Sammy llevaba en sus manos una pequeña réplica de su picó porque quería decirle al Papa que era un niño feliz a pesar de su discapacidad visual, y que deseaba regalarle un poco de esa felicidad.
Pero surgía un problema: no tenía camisa blanca. Había que conseguirle una, ahí, en ese instante, porque el helicóptero que traía al Pontífice ya asomaba sus luces rojas por la pista del aeropuerto.
Y lo vi a él: un niño tal vez de 12 años, con las huellas notables de la privación social, y una camiseta blanca. A simple vista, la talla perfecta para Sammy.
A juzgar por las personas que estaban al lado, debía provenir de algún barrio popular de Cartagena. La suya era seguramente la pinta de domingos.
Le dije que se la cambiaba por la de Sammy, me respondió que no. Le dije que se la compraba, repitió que no.
Le expliqué entonces de qué se trataba antes de apelar al verbo más remoto: ¡préstamela!
Y en el acto, sin pensarlo dos veces, el muchacho se quitó su vestimenta y me la entregó. No lo podía creer.
Le insistí en que se la compraba y le mostré la que había llevado mi hijo, en busca del canje que ya había rechazado. Y con toda firmeza contestó: no, yo quiero la mía.
Mientras se ajustaba otra camiseta institucional de la Alcaldía de Cartagena y todas las células de mi cuerpo sudaban, conmovidas, me miró con unos ojos de conmiseración: “después me la das, fresco”.
Sammy finalmente estuvo en la ceremonia, y con su rutilante camiseta logró robarle una mirada piadosa al Papa, que parecía admirado por el niño que saltaba en la pomposa alfombra roja cuando escuchaba los tambores de carnaval que le ponían un tinte especial al protocolo vaticano.

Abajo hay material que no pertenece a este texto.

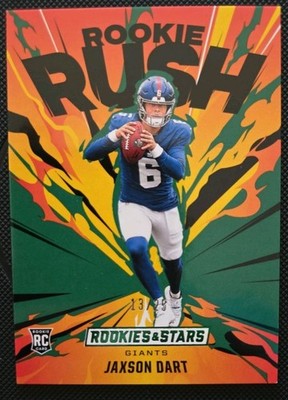 2025 Panini Rookies & Stars Rookie Rush Jaxson Dart #6 Green 13/25 Giants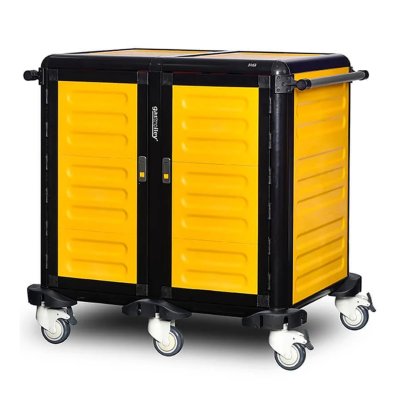 Gastrolley 75 İkili Gn Küvet Taşıma Arabası, 2 Yanı ve Arkası Kapalı, Kapılı, 93x78x99 cm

Miraba a Sammy, pero también la generosidad de aquel otro niño que, como rezan los preceptos en los que todos creíamos, había hecho el bien sin mirar a quién.
Cuando terminó todo y Sammy se devolvió con el picó que, según me dijo, alguna día espera llevarle al Papa a la Santa Sede, busqué al niño de corazón angelical que me acompañaba en las gradas.
Lo había dejado en la zona especial que la Alcaldía había asegurado para las personas con discapacidad. Espérame, le dije.
Pero al regresar, ya no estaba.
Lo busqué en los alrededores, bajé al área de comidas, indagué en los buses que devolverían a los cartageneros a sus barrios. Y nada.
Entonces me entró una sensación de culpabilidad enorme. Nunca pregunté su nombre y él nunca me lo dijo. Debía haber indagado por alguna pista. Por ejemplo: el sector donde residía o la escuela donde estudiaba, pero se me pasó hacerlo en medio de la tensión.
Hoy quiero que me ayuden a encontrarlo. Díganle que deseo devolverle la camiseta, con los mismos sudores de él y de mi hijo, y, por supuesto, la mirada del Papa.